> **Required action**:
The answer must give back every line of the data exactly, with no pictures.

> **Information provided**:
BEGIN

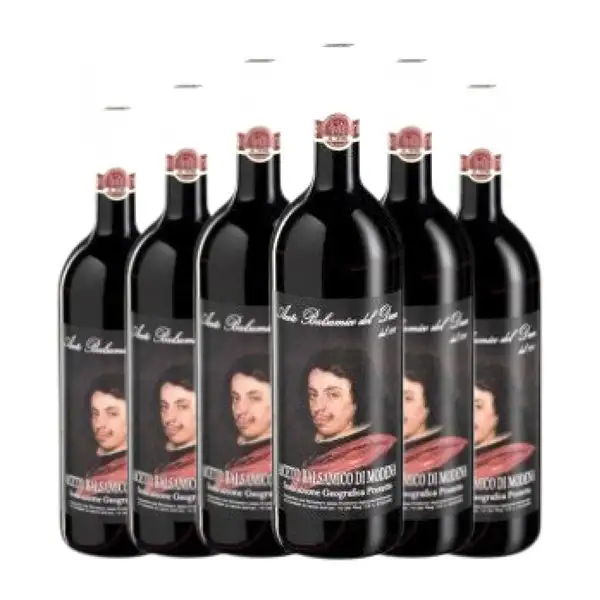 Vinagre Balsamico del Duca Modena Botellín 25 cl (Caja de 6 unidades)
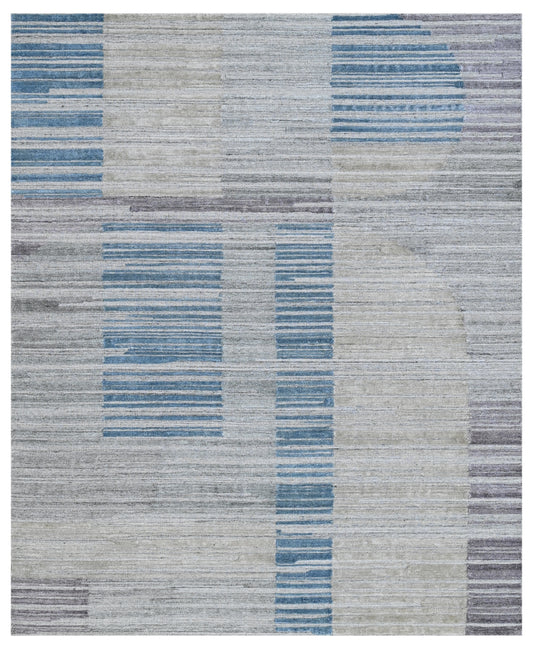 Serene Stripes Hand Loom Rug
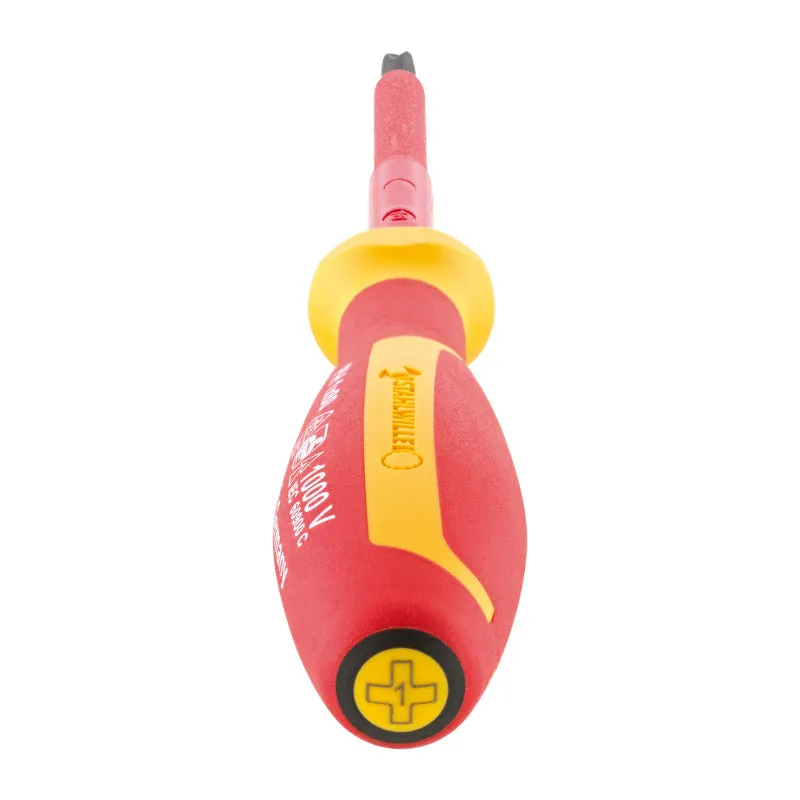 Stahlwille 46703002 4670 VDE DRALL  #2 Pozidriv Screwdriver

END

> **Final answer**:
 Vinagre Balsamico del Duca Modena Botellín 25 cl (Caja de 6 unidades)
 Serene Stripes Hand Loom Rug
 Stahlwille 46703002 4670 VDE DRALL  #2 Pozidriv Screwdriver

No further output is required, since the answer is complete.